Notre Dame is under the oversight of its founding religious order, Holy Cross. Its president must be a priest of the order, and 12 fellows, half of whom are members of the Holy Cross, oversee the board of trustees. The school requires a majority, but not all, of its professors to be Catholic.
The bishop of the local diocese is supposed to have a relationship with the school, but that is largely undefined. When I asked the spokesman of the local diocese for an interview to discuss its relationship with the school and what role it played in the mandate case, he sent a one-line statement that the diocese supports Notre Dame’s case. The spokesman refused to answer any other questions about the diocese’s relationship with the school. The bishop has the authority to deem an institution no longer Catholic, but that hardly ever happens.

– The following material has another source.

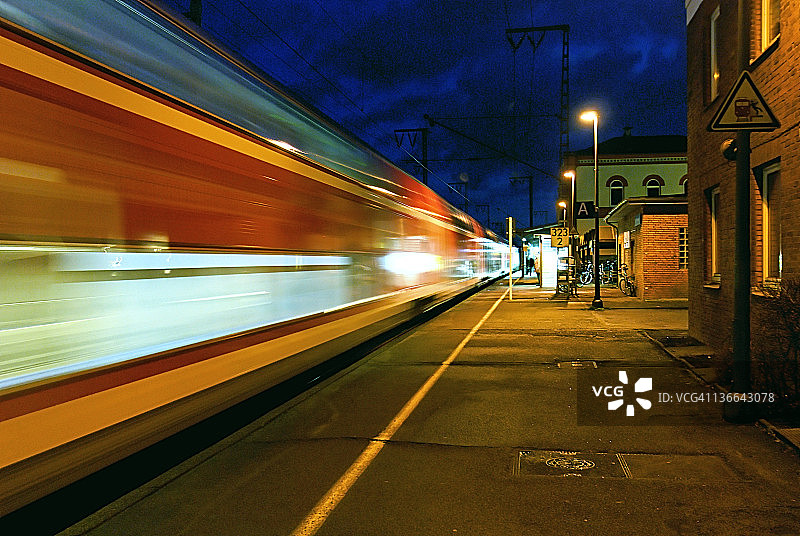 火车站的移动列车图片素材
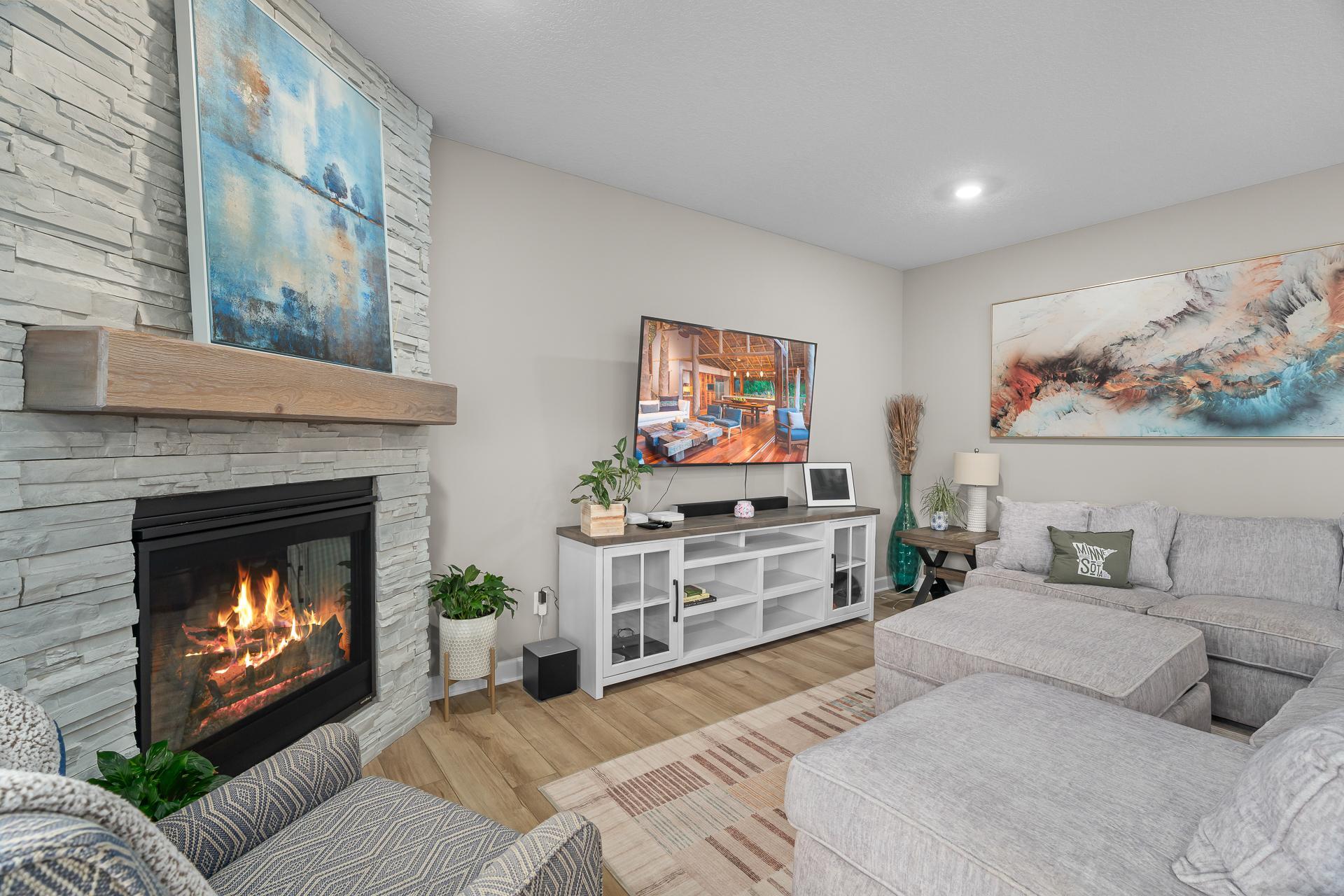 Lino Lakes, Minnesota, 55038, United States, 4 Bedrooms Bedrooms, ,3 BathroomsBathrooms,Residential,For Sale,1995809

BECAUSE NOTRE DAME was one of the only nonprofits not to receive an injunction, it was one of the only ones to have to make the decision about whether to comply with the mandate. Not complying meant potentially millions upon millions of dollars in fines. Many nonprofits in their legal filings talked about not violating their consciences, but haven’t faced the choice to pay the penalty for their position. Conestoga Wood, the Mennonite-owned company whose case went to the Supreme Court with Hobby Lobby, also didn’t win an injunction and complied with the mandate under protest. Dempsey and others dreamed that Notre Dame might be the first not to comply.
“The financial risks are very substantial but Notre Dame is a very wealthy institution,” said Dempsey. “It seems to me it would have been courageous and befitting their status as the leading Catholic institution in the country not to comply. … Then that would put the ball back in Obama’s court, whether he was going to exact tribute from them or not.”
Michael Bradley, a recent graduate and son of Notre Dame law professor Gerry Bradley, agreed. Bradley has followed the case closely, and edited the Irish Rover, an independent student newspaper often critical of the administration’s decisions in regard to its Catholic mission. “If some smaller Christian institutions were to resist, not that many people would care,” he said. “There’s a great opportunity being squandered.”
On the South Bend, Ind., campus, most students are paying more attention to the administration’s $400 million development campaign around the football stadium called “Campus Crossroads,” Bradley said, and what that development means for Notre Dame’s identity.
But Notre Dame has a conservative student body, especially compared to its peer institutions. When Notre Dame student magazine Scholastic polled students for the 2012 elections, Mitt Romney won over Barack Obama by a point, while nationally, Obama won 18- to 30-year-olds by a wide margin. Notre Dame’s right-to-life group is the largest student group on campus. No one interviewed knew of any organized opposition to the lawsuit on campus, aside from individual professors and students.
The mandate came out when Erin Stoyell-Mulholland was a freshman. The law school organized a panel about the religious liberty issues surrounding the mandate, and the event was packed. As a junior she became head of the right-to-life group on campus and continued to follow the case. “People were getting sick of hearing about the mandate,” she said. But the lengthy proceedings may succeed in helping more students understand what’s at stake. “I didn’t know much,” Stoyell-Mulholland said. “I think students are getting educated [on the mandate] … more educated than students on other campuses.”